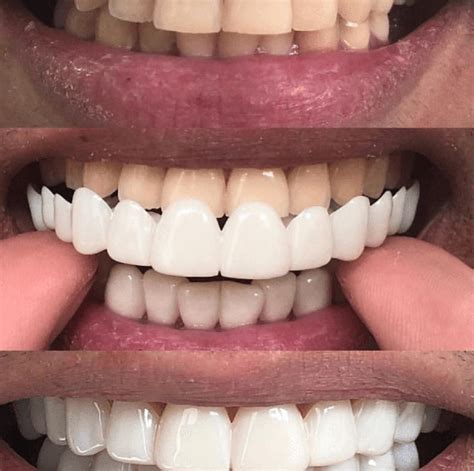 does instant smile teeth work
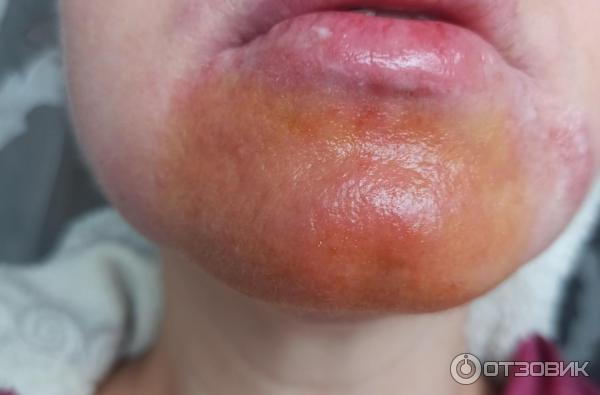 Мазь для наружного применения Фармпрепарат Стелланин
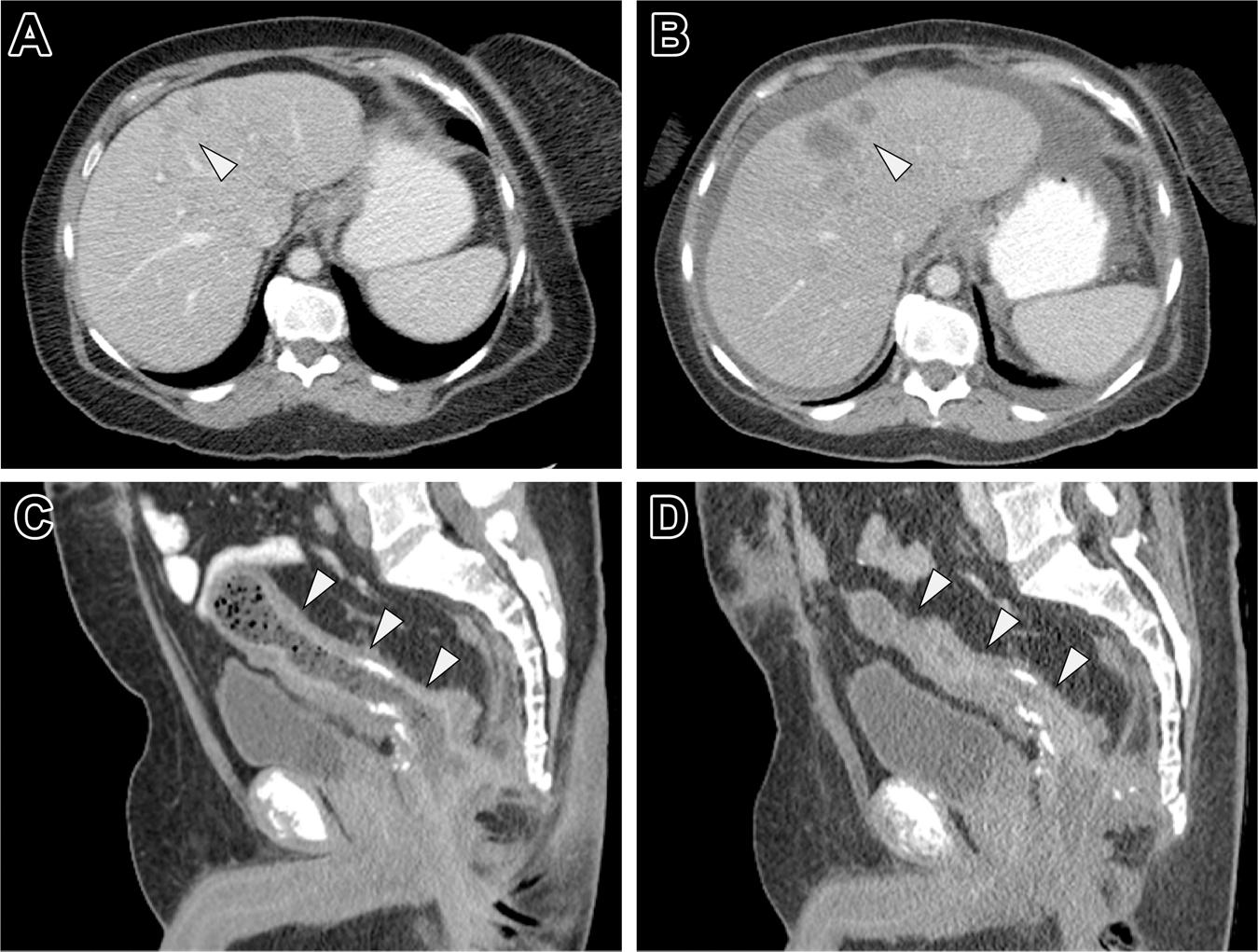Fig. 2: An EGFR inhibitor-based treatment regimen was characterized by disease progression in patients with KRAS-amplified mCRC.
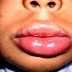 Angioedema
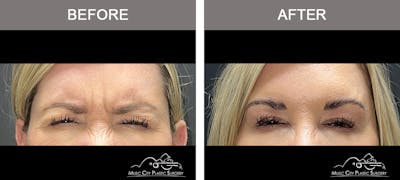 Dysport or Botox Before & After Gallery - Patient 407870 - Image 1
━━━━
Directions for this task:
Leave out the pictures and return the listing exactly.

Answer box:
 does instant smile teeth work
 Мазь для наружного применения Фармпрепарат Стелланин
Fig. 2: An EGFR inhibitor-based treatment regimen was characterized by disease progression in patients with KRAS-amplified mCRC.
 Angioedema
 Dysport or Botox Before & After Gallery - Patient 407870 - Image 1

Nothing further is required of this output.